1. A manufacturing method of a transformer, comprising the steps of:

connecting one end of a first winding wire to a first pin of a bobbin;

connecting the other end of the first winding wire to a second pin of the bobbin after winding the first winding wire around the bobbin for at least one turn;

connecting one end of a second winding wire to a third pin of the bobbin;

connecting the other end of the second winding wire to a fourth pin of the bobbin after winding the second winding wire around the bobbin for at least one turn;

connecting one end of a third winding wire to the second pin of the bobbin, and connecting one end of a fourth winding wire to a fifth pin of the bobbin; and

connecting the other end of the third winding wire to the fifth pin of the bobbin and connecting the other end of the fourth winding wire to the sixth pin of the bobbin after winding the third winding wire and the fourth winding wire around the bobbin in parallel for at least one turn;

wherein the first winding wire, the third winding wire and the fourth winding wire form a primary coil of the transformer, and the second winding wire is a secondary coil of the transformer.

2. The manufacturing method according to claim 1, further comprising:

arranging a first insulation material on the first winding wire after completing winding the first winding wire; and

arranging a second insulation material on the second winding wire after completing winding the second winding wire.

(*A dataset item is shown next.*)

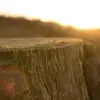 MabelHolmes5266 - @mabelholmes5266 - TikTok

3. A transformer, comprising:

a bobbin, having a first pin, a second pin, a third pin, a fourth pin, a fifth pin and a sixth pin;

a first winding wire, wound around the bobbin, wherein one end of the first winding wire is connected to the first pin, and the other end of the first winding wire is connected to the second pin;

a second winding wire, wound around the bobbin, wherein one end of the second winding wire is connected to the third pin, and the other end of the second winding wire is connected to the fourth pin;

a third winding wire, wound around the bobbin, wherein one end of the third winding wire is connected to the second pin, and the other end of the third winding wire is connected to the fifth pin; and

a fourth winding wire, wound around the bobbin, wherein one end of the fourth winding wire is connected to the fifth pin, and the other end of the fourth winding wire is connected to the sixth pin;

wherein the third winding wire and the fourth winding wire are wound in parallel around the bobbin simultaneously;

wherein the first winding wire, the third winding wire and the fourth winding wire form a primary coil of the transformer, and the second winding wire is a secondary coil of the transformer.

4. The transformer according to claim 3, further comprising:

a first insulation material, arranged on the first winding wire for separating the first winding wire from the second winding wire; and

a second insulation material, arranged on the second winding wire for separating the second winding wire from the third winding wire and the fourth winding wire.